How do we apply this statement to an Environmental Management System (EMS)? Considering the internationally recognized ISO 14001 standard, there is a section with requirements for operational control and planning. One of the requirements states:
“The organization shall control planned changes and review the consequences of unintended changes, taking action to mitigate any adverse effects, as necessary”.
When I audit a client’s management system, this requirement sometimes evokes an exasperated response such as, “how can we possibly plan a response for something that is unknown or unintended?” Considering Donald Rumsfeld’s comments, how have you considered your environmental risks and opportunities according to the three categories outlined by Mr. Rumsfeld? Let us look to the frame work requirements of ISO 14001 for guidance.

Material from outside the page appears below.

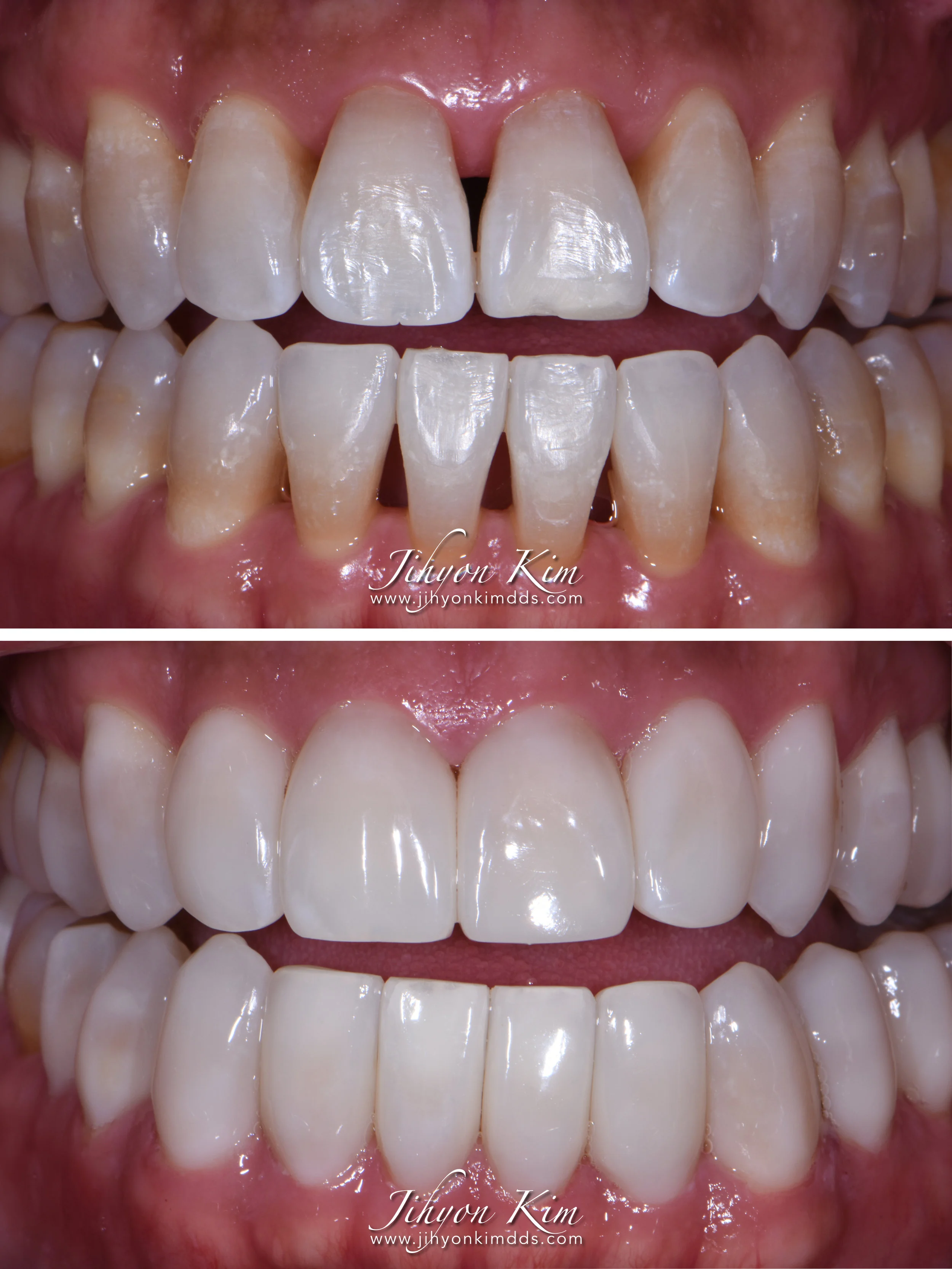 Full Mouth Black Triangle Closure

When considering how to plan according to the risks and opportunities, an organization must first define and understand its context, a requirement within Section 4 of the ISO 14001 standard. The exercise to define an organizations context would include all relevant things which are impacted by the existence of your organization and those things that affect the ability of the organization to operate such as, culture, regulations, geography, and geopolitics.
Section 6 of the ISO 14001 sets the framework for planning according to the context of your organization and the risks and opportunities within that context. This framework is not solely focused on environmental conditions. Planning also includes consideration of lifecycles, technological options, financial, operational and business requirements.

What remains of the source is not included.